Crabhouse keeps picking year after Hurricane Irene
Posted August 27, 2012
Aurora, N.C. — Hurricane Irene flooded Carolina Seafood in Aurora with a 9-foot storm surge last August, closing the family business and leaving 60 people jobless in a county with an unemployment rate over 11.5 percent. No government aid came to help repair and reopen the business.
But that didn't stop the owner of the Beaufort County crab-processing company from picking up the pieces.
"You have somewhat a responsiblity to the community," Carolina Seafood owner Vance Henries. "It's not all about me. It's about other people and doing what's right for them."
On Aug. 27, 2011, Category 1 Irene perched over North Carolina for more than 12 hours, pushing the storm surge farther inland than previous hurricanes.
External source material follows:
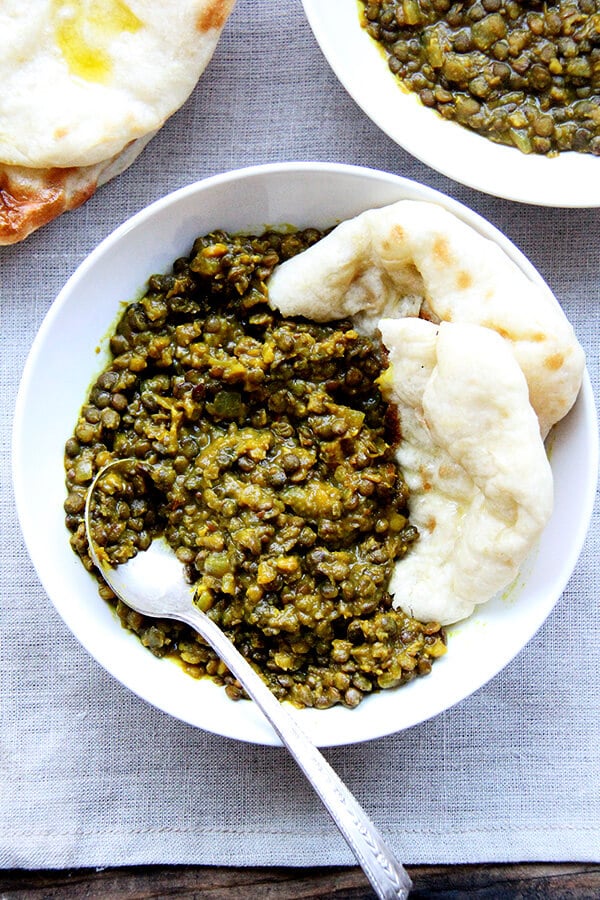 This two-lentil dal is delicious and couldn't be simpler to throw together: sweat an onion, add spices (cumin, coriander fennel, turmeric and crushed red pepper flakes) and lentils, cover with water, simmer until done. The result, a happy mix of creamy and chunky, like a partially puréed soup, will be very welcomed at the table. // alexandracooks.com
In all, it caused more than $1.2 billion in damage in more than a third of North Carolina's 100 counties.
Carolina Seafood was among the devastated homes and businesses.
"I just went to my knees and cried," Henries remembered seeing the damage for the first time. "Walls were busted in. We had trees, floating trees, that had come in like torpedoes and just took walls out."
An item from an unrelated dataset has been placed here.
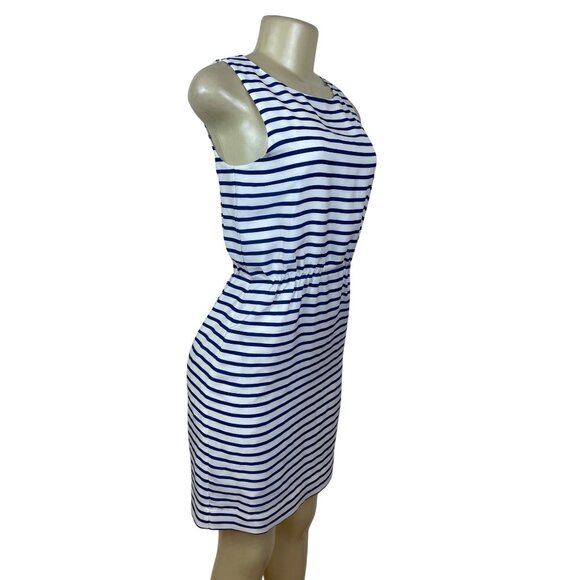 J.Crew Womens Sleeveless Striped Dress With Elastic Waist White & Navy Size 0 - Picture 2 of 8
A year later, the building has been repaired, and nearly 50 people are back at work for the crab-processing company.
Elsie Cradle said she's grateful to continue picking crabs, work she has done for 62 years.
"It gives us something to do," Cradle said.
Challenges for the business remain. The crab harvest is smaller this year.
But after a tough year, Henries said he's proud to have rebuilt his business without taking a single dime in government aid.
"We take what we can get. I know the good Lord will provide for us," he said. "We'll stay right here as long as we can."